Au total, dans cet essai clinique randomisé de grande ampleur, la réparation endovasculaire des anévrismes de l’aorte abdominale a été associée à une mortalité opératoire plus faible que celle de la chirurgie à ciel ouvert. Néanmoins, cette différence n’a pas persisté au fil du temps. La réparation par prothèse endovasculaire est apparue associée à des taux de complications et de réinterventions élevés, et a été plus coûteuse que la chirurgie conventionnelle.
Chez les sujets à risque élevé.
La question se pose de savoir si le bénéfice de la réparation de ces anévrismes par prothèse endovasculaire ne se discuterait pas chez les patients inéligibles à un acte chirurgical à ciel ouvert, c’est-à-dire ceux pour lesquels cette technique avait été initialement été mise au point. Tel était l’objectif du deuxième volet de l’étude, EVAR 2, en raison là encore du manque de données de la littérature (2). L’étude EVAR 2 a porté sur 404 malades issus de 33 hôpitaux, qui avaient également un anévrisme de l’aorte abdominale dont le diamètre était supérieur à 55 mm. Après randomisation, 197 d’entre eux ont été assignés à la chirurgie endovasculaire et 207 à l’abstention opératoire. Les critères de jugement de ce second volet de l’étude étaient les mêmes que ceux du premier. À trente jours, la mortalité opératoire a été de 7,3 % dans le groupe assigné à la chirurgie endovasculaire, le taux de rupture à trente jours ayant été de 12,4 % sujets-années (intervalle de confiance à 95 %, 9,6 à 16,2 %) dans le groupe chez lesquels les chirurgiens se sont abstenus. Cet avantage ne s’est pas matérialisé par un bénéfice en termes de mortalité (rapport des cotes, 0,99, intervalle de confiance à 95 % : 0,78 à 1,27, p = 0,97). Des complications sont survenues pendant le suivi chez 48 % des survivants et une nouvelle intervention a été nécessaire chez 27 % des sujets au cours des six premières années de suivi. Sur la période de suivi maximale de huit ans, la chirurgie endovasculaire est apparue plus coûteuse que l’abstention, la différence atteignant 14 867 dollars (intervalle de confiance à 95 % : 7 638 à 12 013 dollars).
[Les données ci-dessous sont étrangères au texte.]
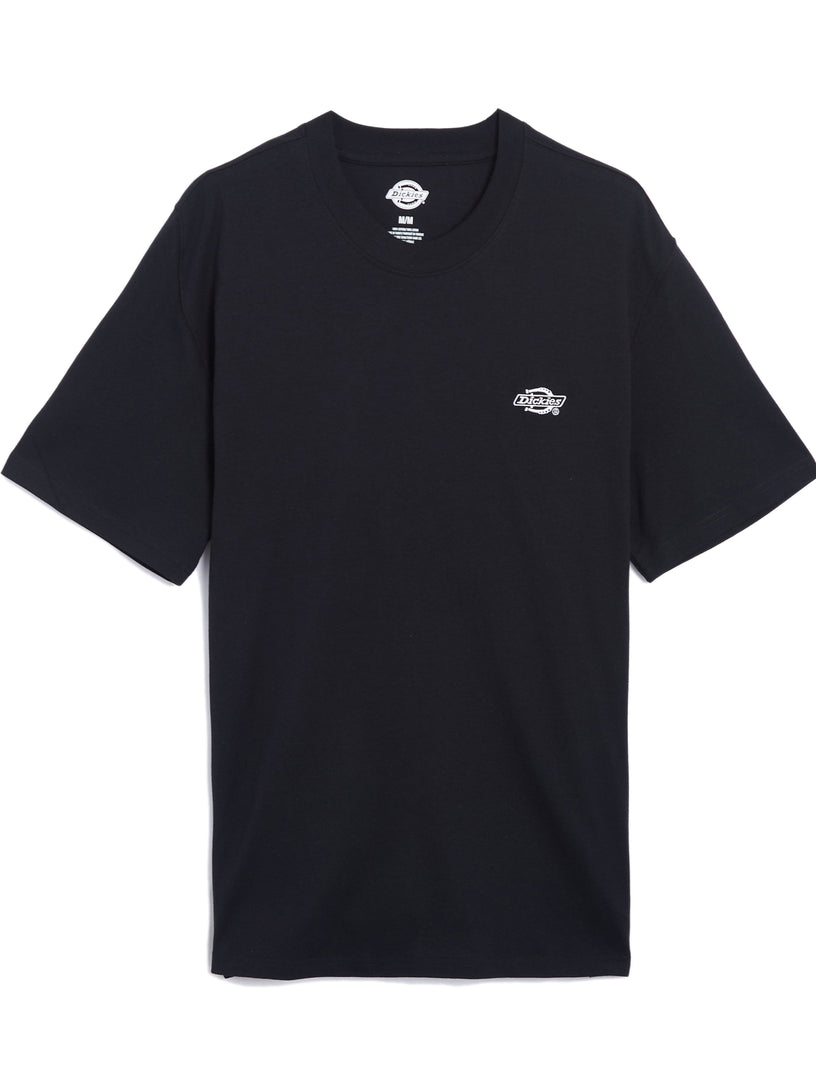 Dickies T-shirt summerdale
La conclusion des auteurs est une nouvelle fois sans appel, cet essai réalisé chez des patients jugés inopérables montrant que la chirurgie par endoprothèse réduit la mortalité par anévrisme, par comparaison avec l’abstention de toute chirurgie, mais pas la mortalité générale, les coûts de santé étant plus élevés.
(1) The United Kingdom EVAR Trial Investigators. Endovascular versus Open Repair of Abdominal Aortic Aneurysm. New Engl J Med 2010 (en ligne : doi 10.1056/NEJMoa0909305).
(2) The United Kingdom EVAR Trial Investigators. Endovascular Repair of Aortic Aneurysm in Patients Physically Ineligible for Open Repair. New Engl J Med 2010 (en ligne : doi 10.1056/NEJMoa0911056).